--- Material to process Enclosed Below ---
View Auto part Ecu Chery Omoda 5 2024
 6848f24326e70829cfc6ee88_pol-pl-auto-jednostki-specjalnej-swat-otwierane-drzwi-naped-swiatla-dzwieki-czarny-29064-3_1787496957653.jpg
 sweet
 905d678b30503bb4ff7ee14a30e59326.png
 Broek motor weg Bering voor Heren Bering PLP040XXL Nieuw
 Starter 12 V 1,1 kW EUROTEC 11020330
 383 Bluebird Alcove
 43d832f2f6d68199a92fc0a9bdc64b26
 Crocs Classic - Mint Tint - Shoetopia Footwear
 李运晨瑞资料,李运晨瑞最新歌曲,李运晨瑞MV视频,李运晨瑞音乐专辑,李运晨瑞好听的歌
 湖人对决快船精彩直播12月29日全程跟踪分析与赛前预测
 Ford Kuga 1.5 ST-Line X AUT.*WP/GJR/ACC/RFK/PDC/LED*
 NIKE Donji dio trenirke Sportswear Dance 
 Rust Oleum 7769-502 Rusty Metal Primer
--- End of Enclosed Material to process ---
The problem:
Exactly as they stand, restate all the lines of the listing.

Answer box:
View Auto part Ecu Chery Omoda 5 2024
 6848f24326e70829cfc6ee88_pol-pl-auto-jednostki-specjalnej-swat-otwierane-drzwi-naped-swiatla-dzwieki-czarny-29064-3_1787496957653.jpg
 sweet
 905d678b30503bb4ff7ee14a30e59326.png
 Broek motor weg Bering voor Heren Bering PLP040XXL Nieuw
 Starter 12 V 1,1 kW EUROTEC 11020330
 383 Bluebird Alcove
 43d832f2f6d68199a92fc0a9bdc64b26
 Crocs Classic - Mint Tint - Shoetopia Footwear
 李运晨瑞资料,李运晨瑞最新歌曲,李运晨瑞MV视频,李运晨瑞音乐专辑,李运晨瑞好听的歌
 湖人对决快船精彩直播12月29日全程跟踪分析与赛前预测
 Ford Kuga 1.5 ST-Line X AUT.*WP/GJR/ACC/RFK/PDC/LED*
 NIKE Donji dio trenirke Sportswear Dance 
 Rust Oleum 7769-502 Rusty Metal Primer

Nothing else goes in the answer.